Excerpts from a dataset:
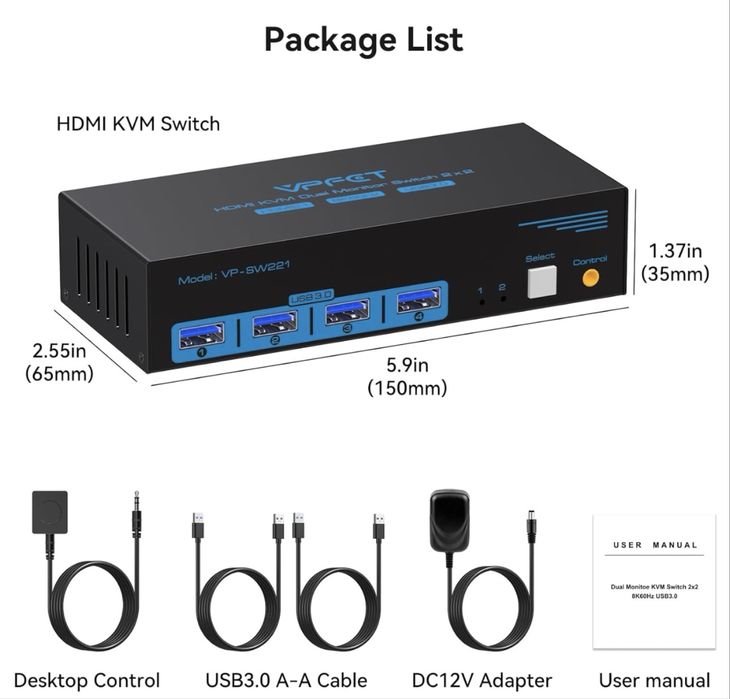 VP-SW221 Przełącznik KVM HDMI 8K 60Hz dla 2 komputerów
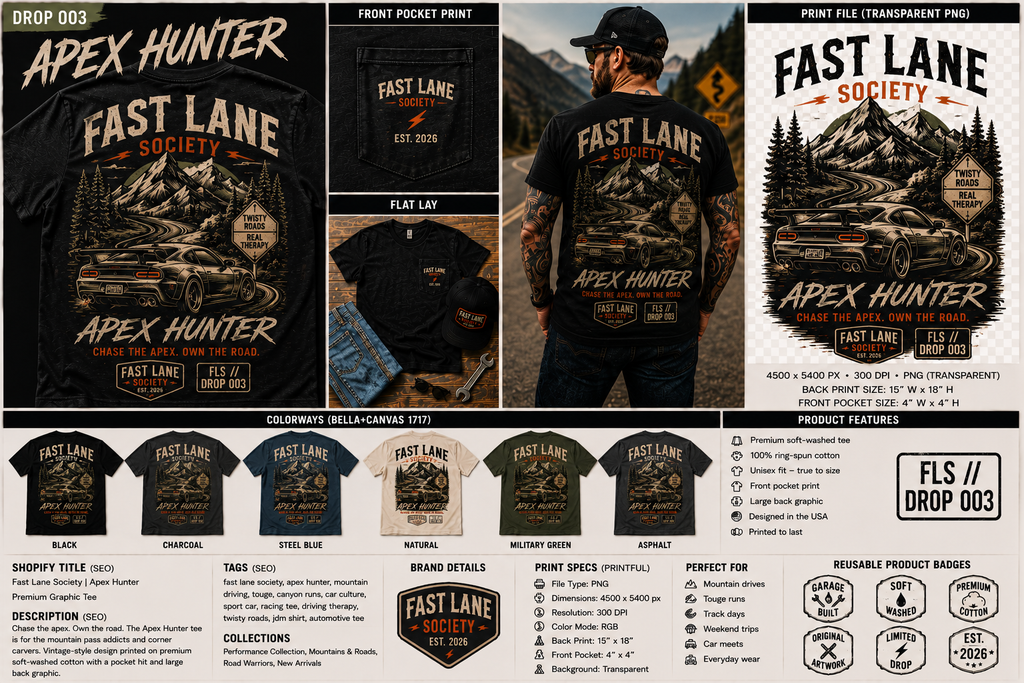 Drop 003 Apex Hunter mountain pass sport car graphic tee in six colorways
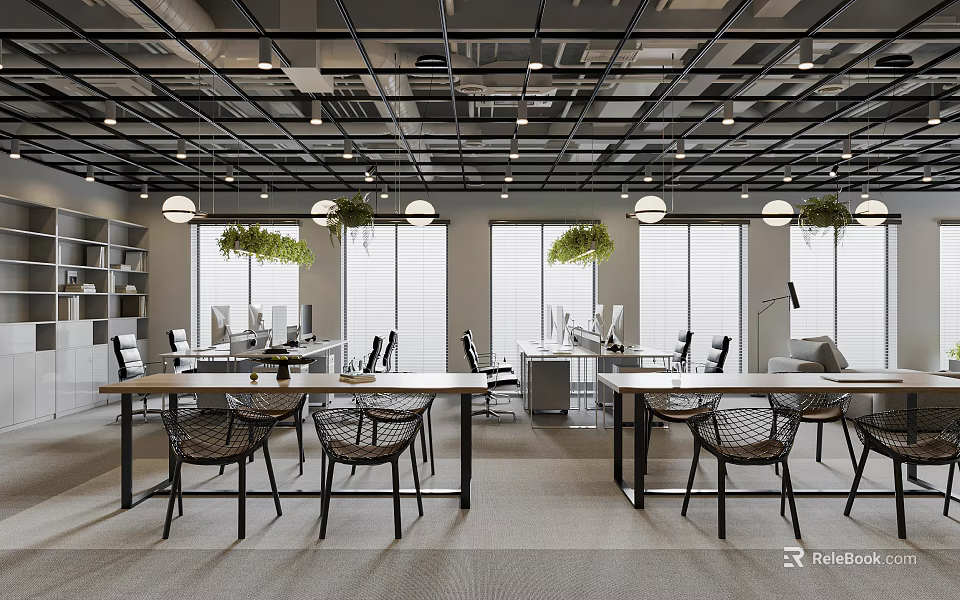 Modern Open Public Office Space With Long Tables Pendant Lights Green Plants Bookshelves Large Windows 3d model 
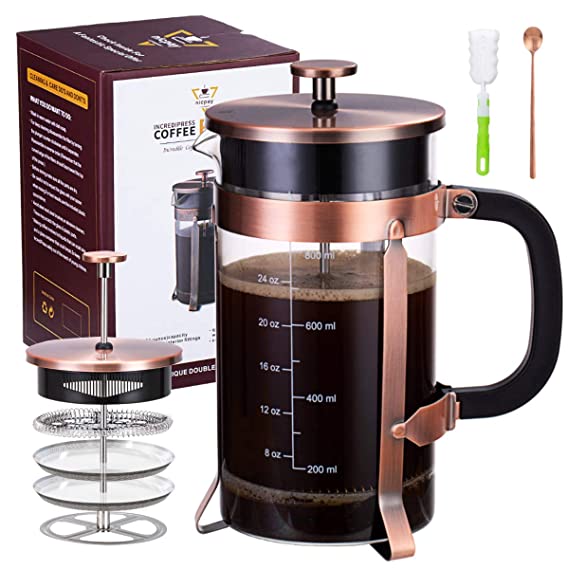 French Press Coffee And Tea Maker With 4 Level Filtration System -100% No Residue -304 Grade Stainless Steel-German Heat-Resistant Borosilicate Glass- BPA FREE-Dishwasherable-34oz，Copper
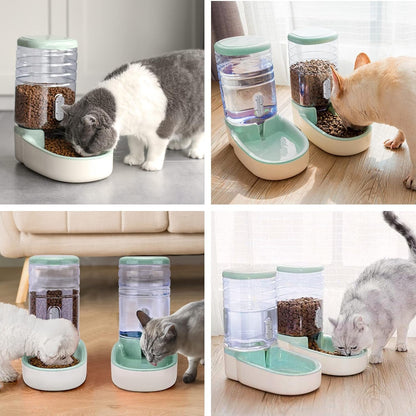Kacoomi Automatic Dog Cat Feeder and Water Dispenser Gravity Food Feeder and Waterer Set with Pet Food Bowl for Small Medium Dog Puppy Kitten, Large Capacity 1 Gallon X 26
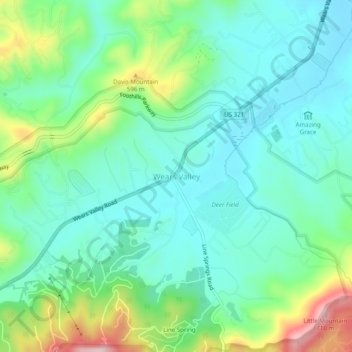Carte topographique Wears Valley, altitude, relief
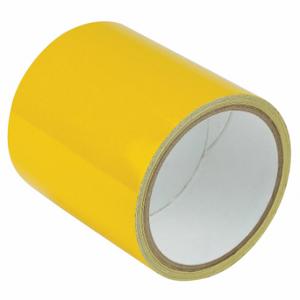 GRAINGER ZRF4X5YL Floor Marking Tape, Reflective, Solid, Yellow, 4 Inch x 15 ft, 5.5 mil Tape Thick | CP9PUJ 452A86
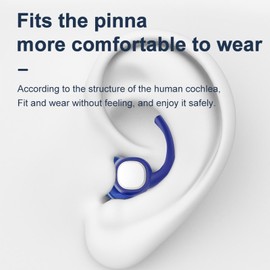 2 Pairs Ear Plugs for Sleeping Noise Reduction Soft Silicone Earplugs Comfortable Sound Blocking Reusable Ear Plugs for Sleeping, Snoring and Hearing Protection (Deep Blue, Large)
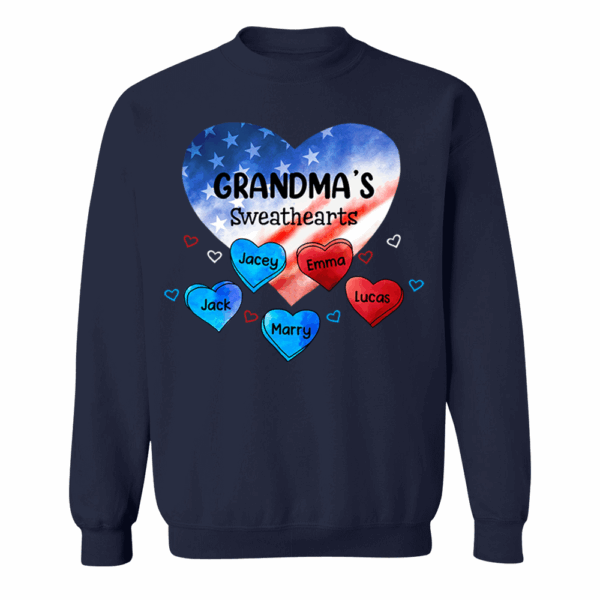Custom Mom Grandma Sweat Heart 4th of July Shirt - Image 12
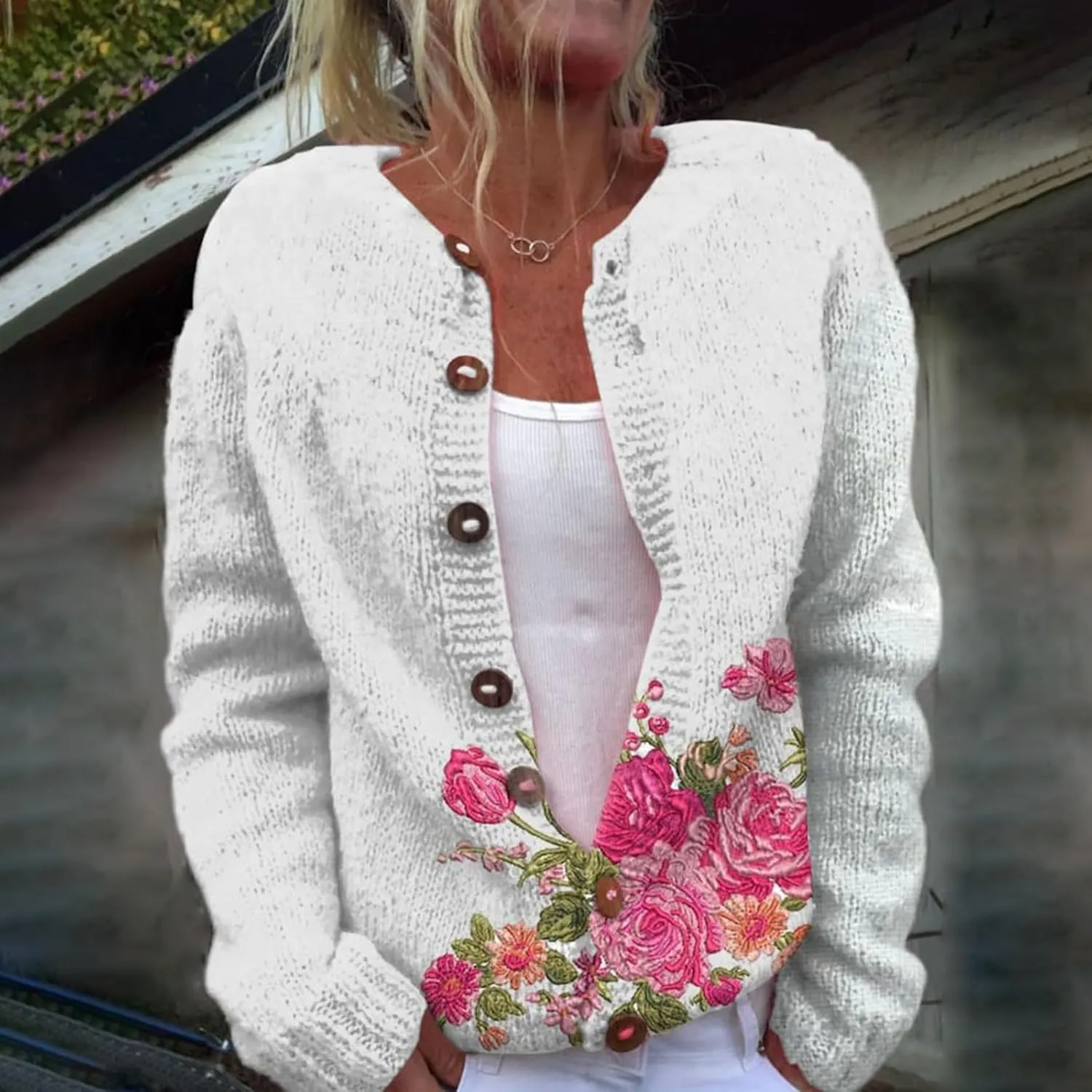 Womens Knit Cardigan Sweaters Christmas Casual Floral Print Long Sleeve Open Front Button Up Ribbed Sweater Jackets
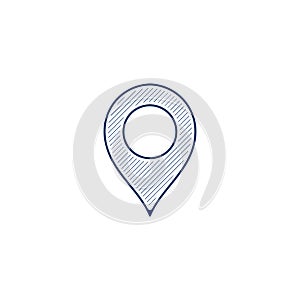 Navigation Map pin icon. placeholder hand drawn pen style line icon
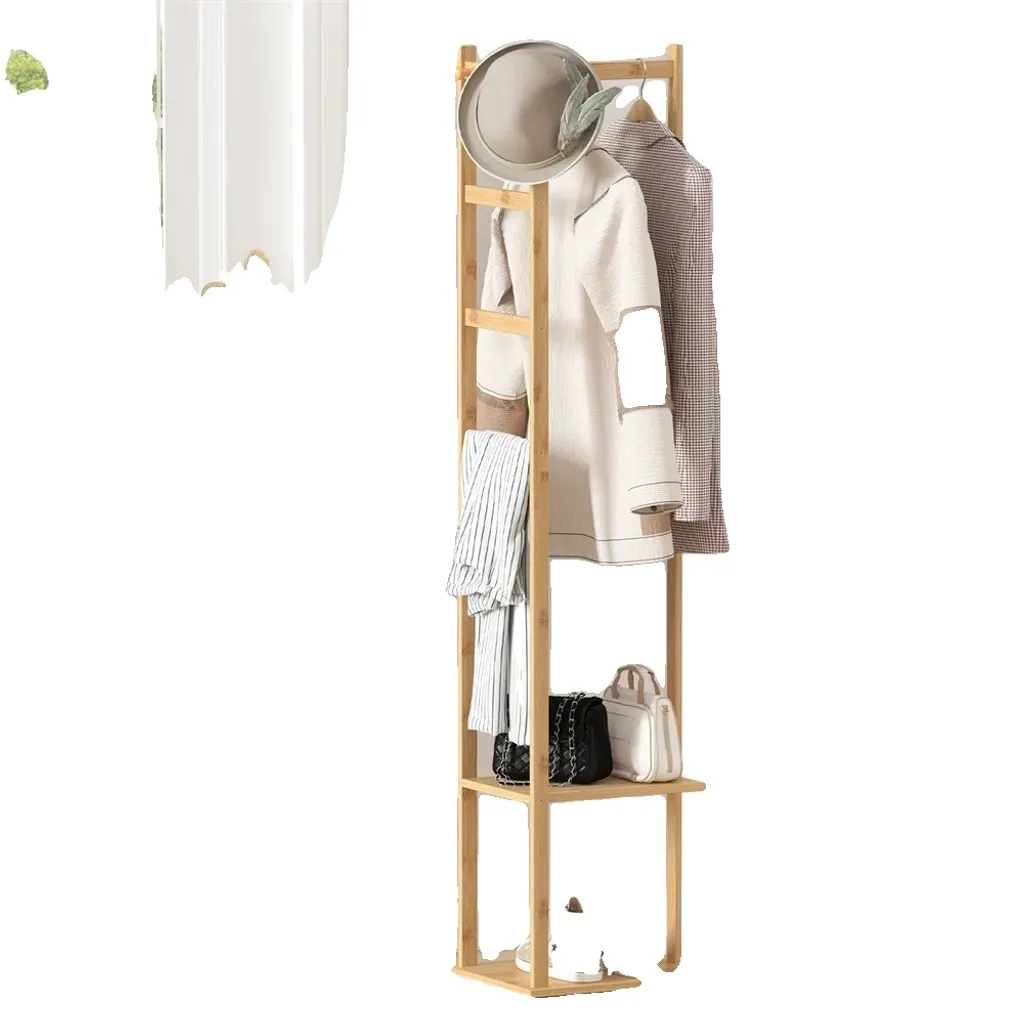 OFFERTA Appendiabiti Bambù Massiccio Giallo - Design Albero Moderno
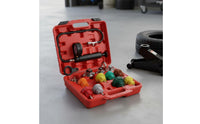 34 Pieces Multiple Adapters Cooling System Pressure Test Kit Wide Compatibility Cooling System Pressure Tester Portable Case Car Cooling Unit Leak Tester for Mechanics, Garage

TASK BRIEF:
From the opening line of the entries, copy each line exactly until the line with "GRAINGER ZRF4X5YL Floor", which is copied as well; leave out pictures.

THE COMPLETED TASK:
 VP-SW221 Przełącznik KVM HDMI 8K 60Hz dla 2 komputerów
 Drop 003 Apex Hunter mountain pass sport car graphic tee in six colorways
 Modern Open Public Office Space With Long Tables Pendant Lights Green Plants Bookshelves Large Windows 3d model 
 French Press Coffee And Tea Maker With 4 Level Filtration System -100% No Residue -304 Grade Stainless Steel-German Heat-Resistant Borosilicate Glass- BPA FREE-Dishwasherable-34oz，Copper
Kacoomi Automatic Dog Cat Feeder and Water Dispenser Gravity Food Feeder and Waterer Set with Pet Food Bowl for Small Medium Dog Puppy Kitten, Large Capacity 1 Gallon X 26
Carte topographique Wears Valley, altitude, relief
 GRAINGER ZRF4X5YL Floor Marking Tape, Reflective, Solid, Yellow, 4 Inch x 15 ft, 5.5 mil Tape Thick | CP9PUJ 452A86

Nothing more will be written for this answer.